In the morning, Helmut called the director of his client firm, who is also a good friend of his, on his mobile phone.  He chatted with this man for about ten minutes before the man revealed that he was currently sitting in jail as they were speaking!  The man had accidentally killed someone by hitting him with his car, and he had been in jail for the past two days while awaiting a resolution to the case.  As he hoped to get out of jail tomorrow, he declined Helmut's offer of assistance.  Given the huge number of people who walk along the roads in Africa - seemingly with little consideration for their own safety, it is no wonder that such accidents are fairly common.  I suppose the case will be settled by the man paying a fairly small sum of money to the family of the deceased.

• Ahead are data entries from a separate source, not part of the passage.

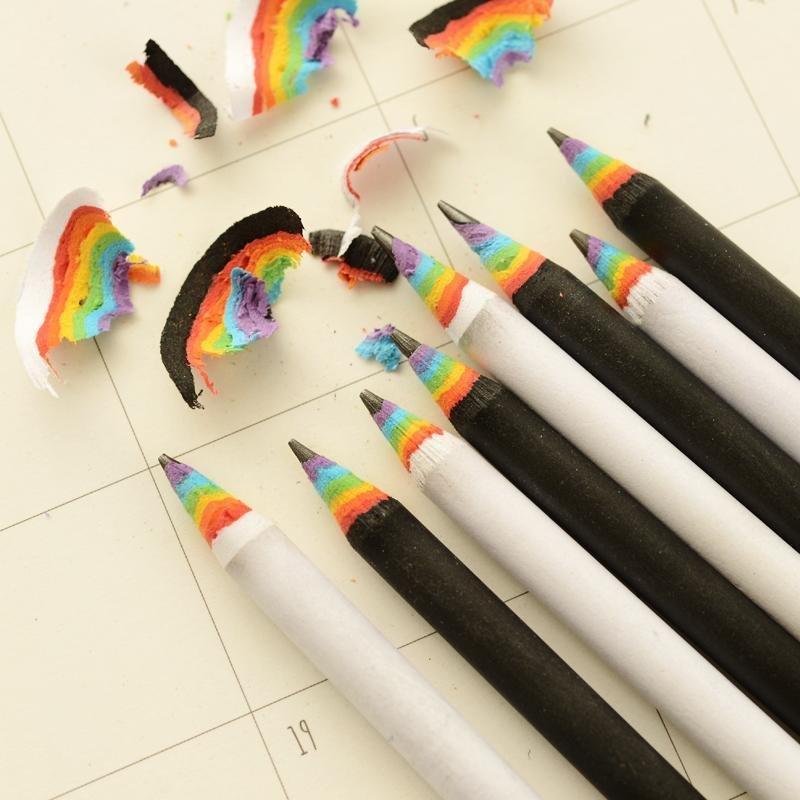 eStore 10x Crayons aux couleurs de l'arc-en-ciel - Blanc  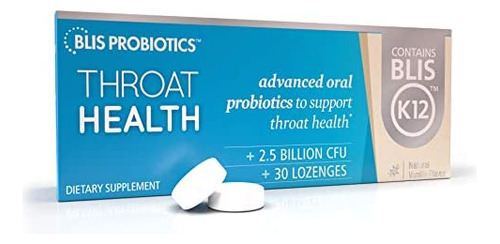 Probióticos Orais Blis Throathealth, Fórmula Probiótica K12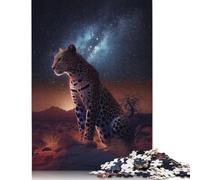 500 Piece Leopard Under The Stars Jigsaw Puzzlesfor Adults Teenagers Jigsaws 500 Pieces Relax Puzzles Games 500pcs (52x38cm)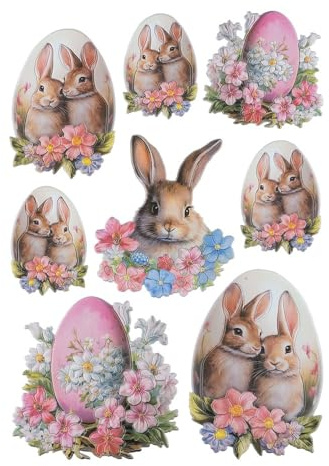 Ideen mit Herz Stickerbogen 3-D Relief-Sticker | Aufkleber | Hochwertig geprägt mit 3-D-Effekt | Fensterbilder | Scrapbooking | Din A4 Bogen mit vielen Motiven (Ei mit Hasenpaar)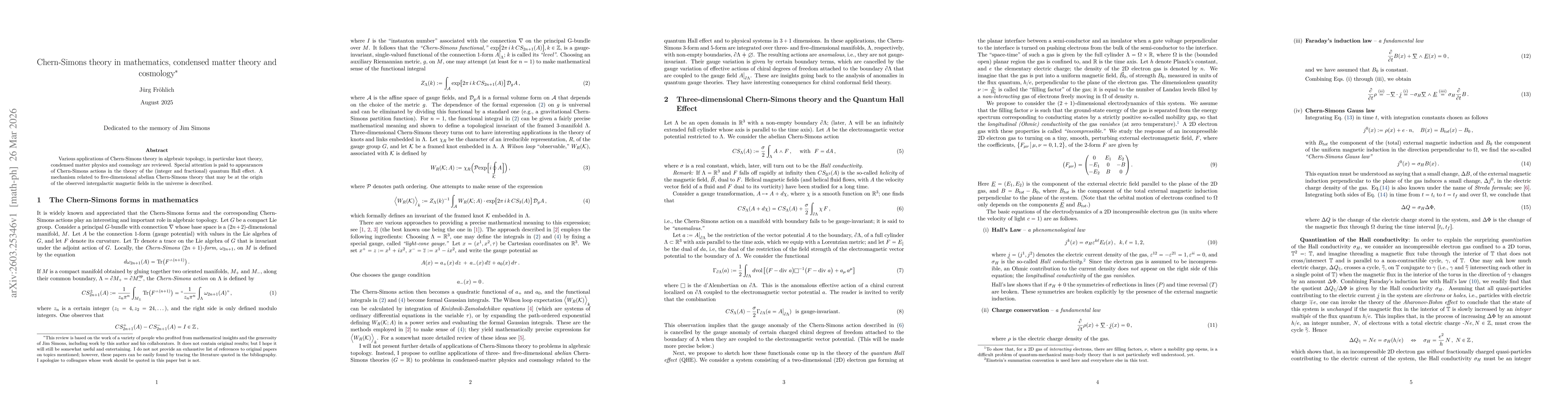 Thumbnail for Chern-Simons theory in mathematics, condensed matter theory and cosmology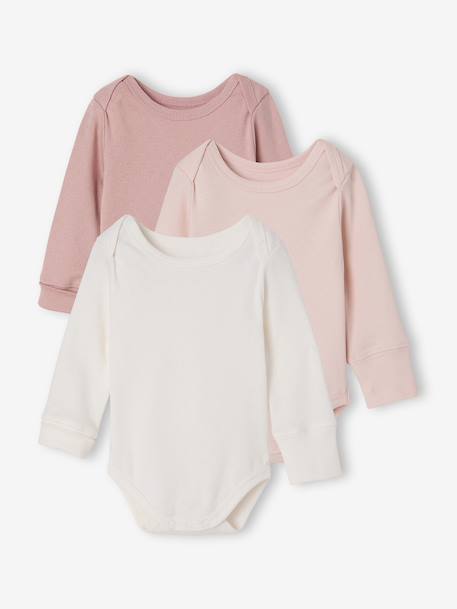 Pack of 3 long-sleeved bodysuits for baby girls rose 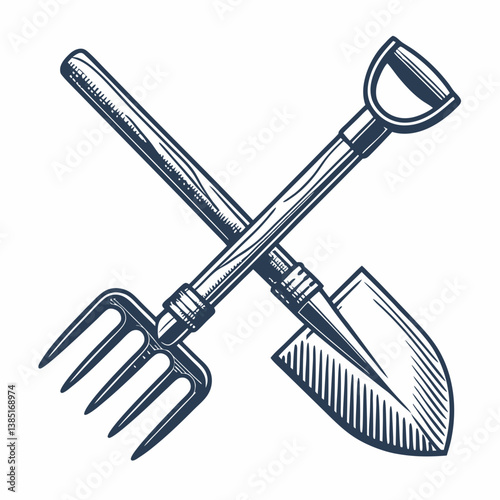 Create a vector illustration of a bold-stroke hoeing tool set,  emphasizing strong lines and clean design.  View should be from above (1).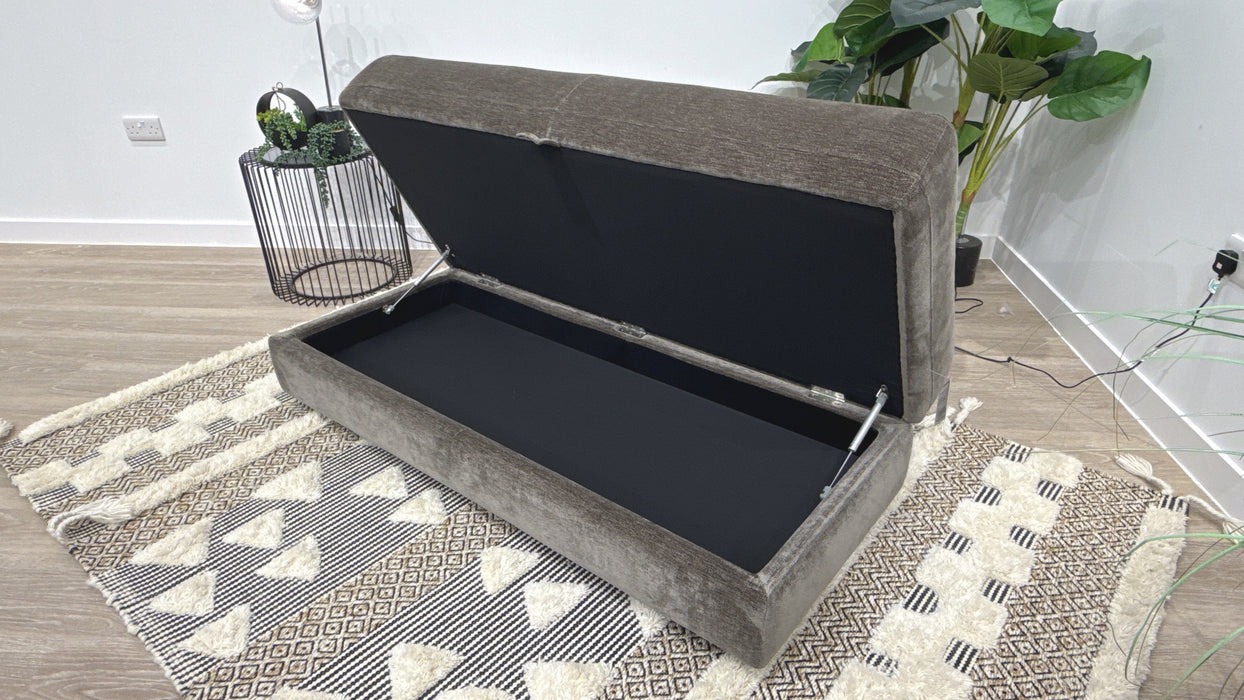 Sofology Harrington Fabric Designer Storage Footstool in Luxury Deep-Pile Chenille Mole Montreal Mole
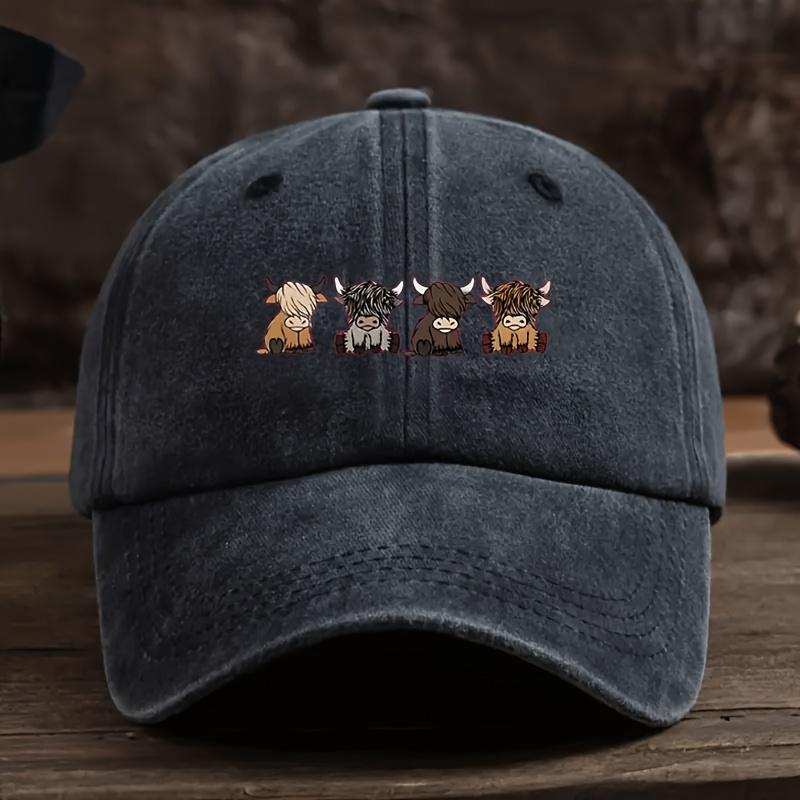Highland Cattle Four Cows Graphic Print Baseball Cap Adjustable Cotton Casual Dad Hat Unisex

Helmut and I said goodbye to the maid and the neighbors and departed on our road trip to Lusaka, Zambia through Zimbabwe at about 10 a.m.  On the way to Chimoio, Mozambique, where we were to spend our first night, we encountered, in addition to the usual array of people along the road, a goat drinking water out of a pothole in the middle of the road.  Mind you, this was not just some back-road dirt track.  This was National Road Number 1 of Mozambique - the main north-south highway through the country.

We arrived at the Zambezi River just as the ferry was pulling away.  Rather than sitting in the car, we got out and watched the goings-on while waiting for the ferry to return.  There was a group of people gathered around watching a local huckster trying to cheat money out of passing truck drivers in a game of Three Card Monty.  The ploy was rendered obvious (at least to me) by the fact that the ringer, a local boy, was putting up a large sum of money as a way of enticing other punters to put up their cash.  It was a clear case of "What is wrong with this picture?", because it was extremely unrealistic that a small boy in that part of Africa would have the means to gamble at all - much less with such sums of money.  Anyway, luckily, it seemed that there were no suckers around to fall for the trick.  Sometimes it pays to be poor!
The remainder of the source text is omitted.